Rothko was wary of calling his paintings abstract although formally, they are incontrovertibly abstract. Each painting in the gallery, painted at the height of his career from 1949 to 1954, follows the same format: a canvas painted a single color, with hovering horizontal blocks of different colors atop it. The paintings were produced with thin layers of paint, and the depth created by this technique as well as the rugged edges of the color blocks allow the paintings colors to project outward. 
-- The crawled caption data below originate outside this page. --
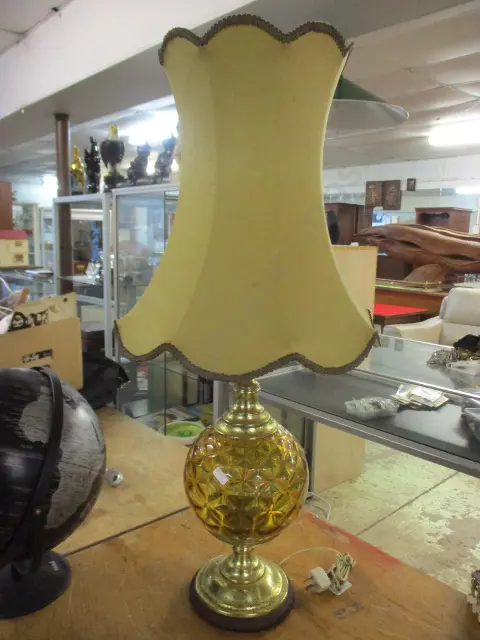 Retro Lamp Image 1++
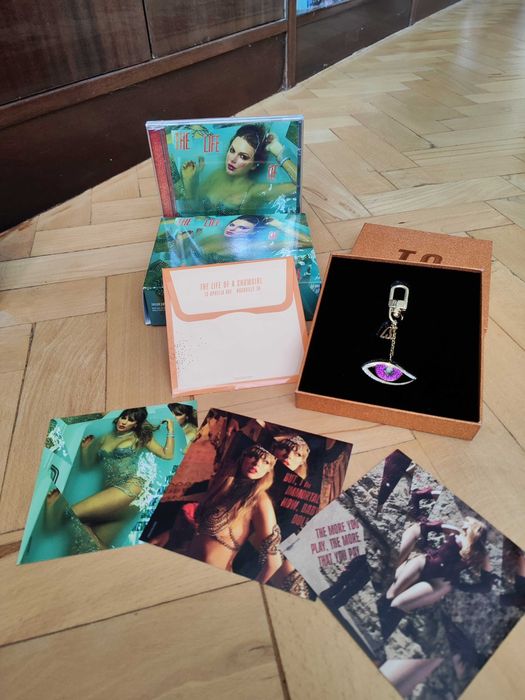 ПРОМО ПАКЕТ Taylor Swift - SIGNED CD, Deluxe CD box set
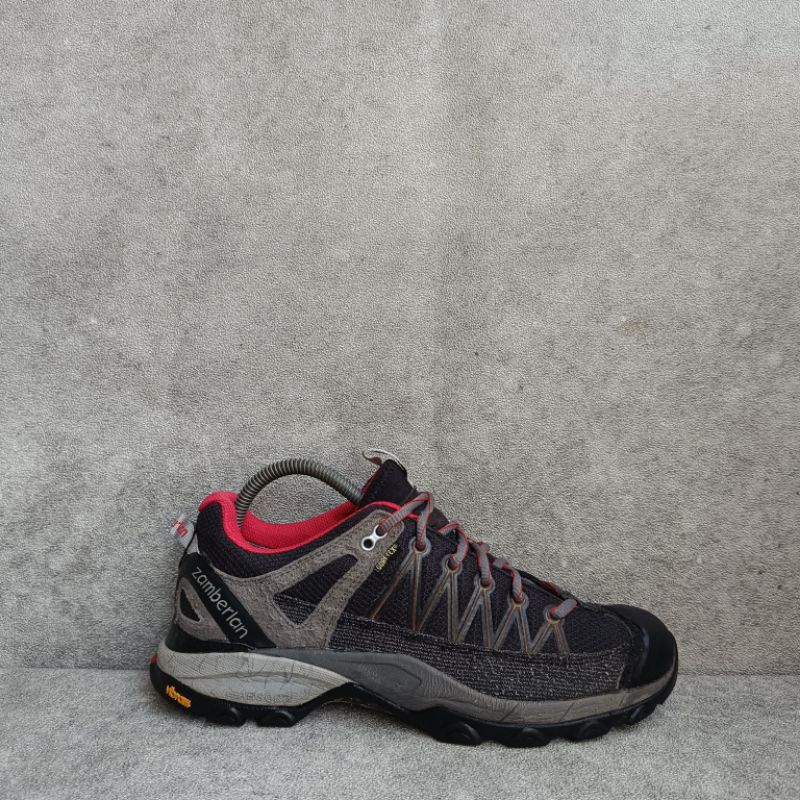 Sepatu Hiking Zamberlan Size 42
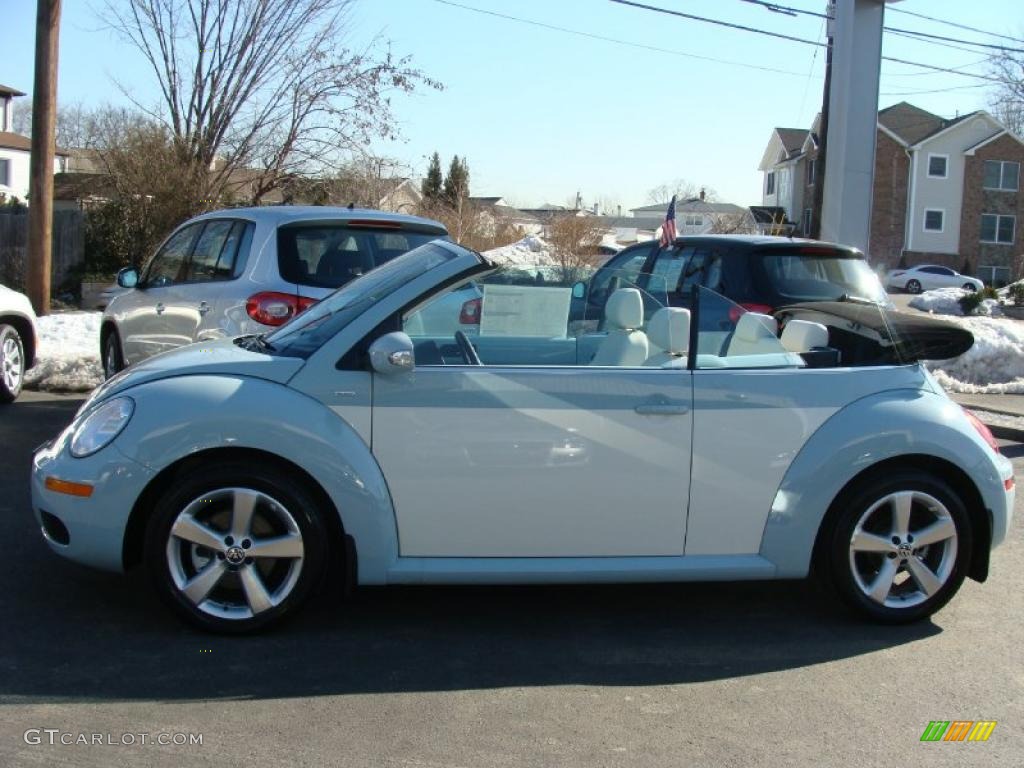 Aquarius Blue/Campanella White 2010 Volkswagen New Beetle Final Edition Convertible Exterior Photo #45571647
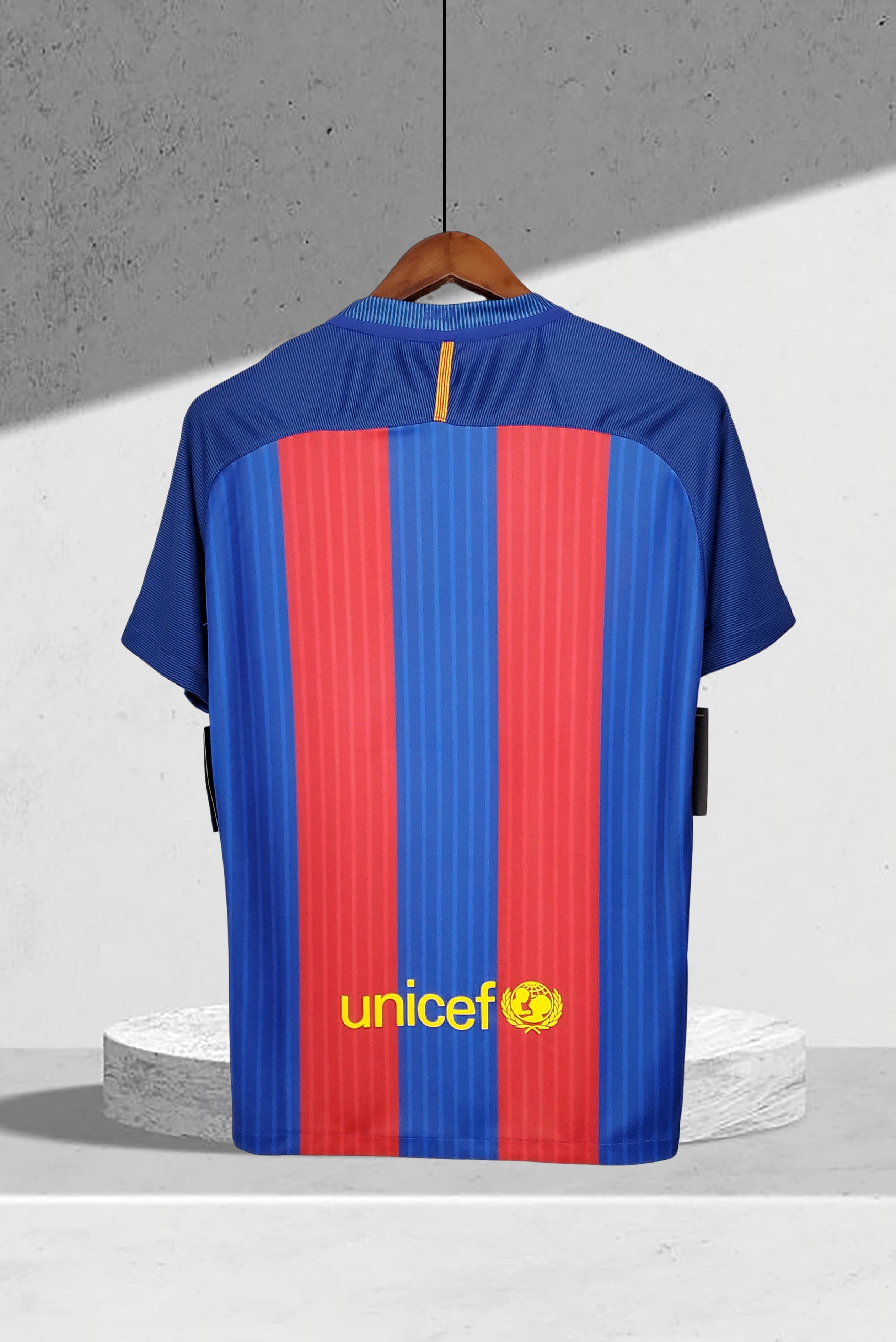 Barcelona 2016–2017 Hjemmedrakt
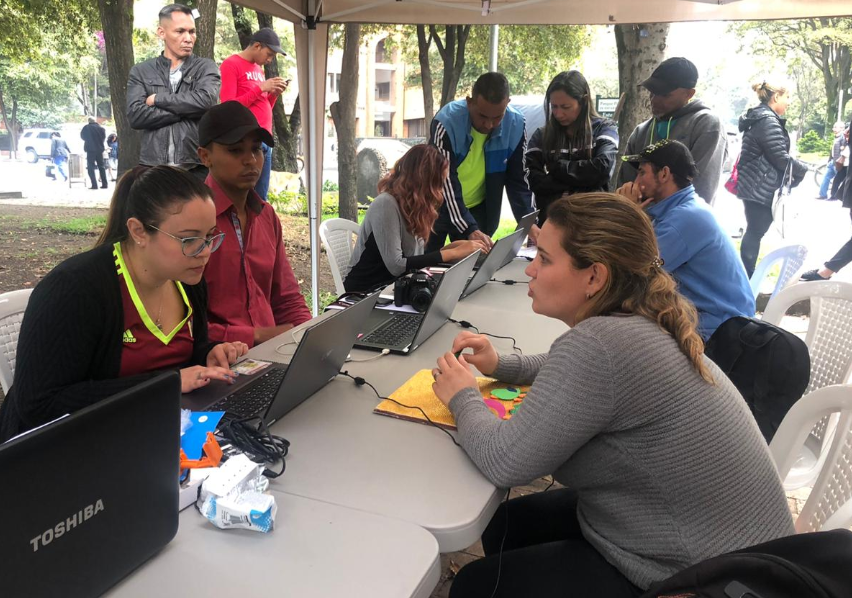 Embajada de Venezuela en Colombia atendió a más de 5 mil venezolanos en Bogotá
As I look around the room, I feel like I am being watched. The paintings are personable even as they radiate with something larger than the viewer’s mereness. Each appears solitary and self-contained. Yet they are social too: facing each other in silent togetherness. A chalky spring-like quality is cast out of Rothko’s “No. 2/No. 7/No. 20″ (1951). On the adjacent wall,Untitled (Purple, White, and Red) (1953) makes me think about continuance and erasure; it is as if paint has been wiped away in the middle white portion, and there is something nakedly alive in the red.

As I take a step back, the text “Soft Pillow 1990 catches my eye from the wall above the painting. Felix Gonzalez-Torres’s Untitled (1989) is a timeline composed of running text at the top of the wall. It is composed of personal and public events, which seem to be in no particular order. The piece takes the architectural form of a frieze. Its commemorative tone is delicate, contemplative. The text is broken by the space between walls, so that the sequence seems both continuous and finite. The silver text of the words and dates glint or fade illegibly depending on how the light strikes it, so one must move around the room to read it in its entirety. Felix Gonzalez-Torres often asks viewers to participate in his work’s meaning and continuance. In this internal self-portrait, events can be added or subtracted to the timeline as it lives on.

An Easy Death 1991  VCR 1978  Supreme Court 1986  Great Society 1964  Blue Flowers 1984

Beneath these dates, a low-hanging Rothko painting entitled “Untitled (Painting) (1953/54) appears weighed down by an expansive orange square. But it is also luminous. Its brush strokes have an upward tendency, something of mountainous elevation to them. I stand close to it, and something is relinquished; I feel physically small and larger than myself. It is a replenishing moment, especially in our current circumstances: At Home 2021.

To be right up close to these paintings, in a time when we can’t casually be close with one another, stirs a quiet intimacy. During a time when we are so aware of ourselves — who we can hold, who we can breathe upon and breathe in front of — at a time when we move through the city in protective ways, shielding ourselves, sanitizing our bodies, feeling altogether untouchable: this exhibition. Here, we can allow the paintings to pulse before us, radiate, hold us. We might unwrap and unfold ourselves before something more deeply human and enduring than our conditions. Rest. I leave feeling more present, more just. 

An invitation, as the days become warmer and we emerge from winter’s exhalation — if you need a place to be, I suggest it may be found briefly here. 

The show is on view in Gallery 293 of the Art Institute of Chicago.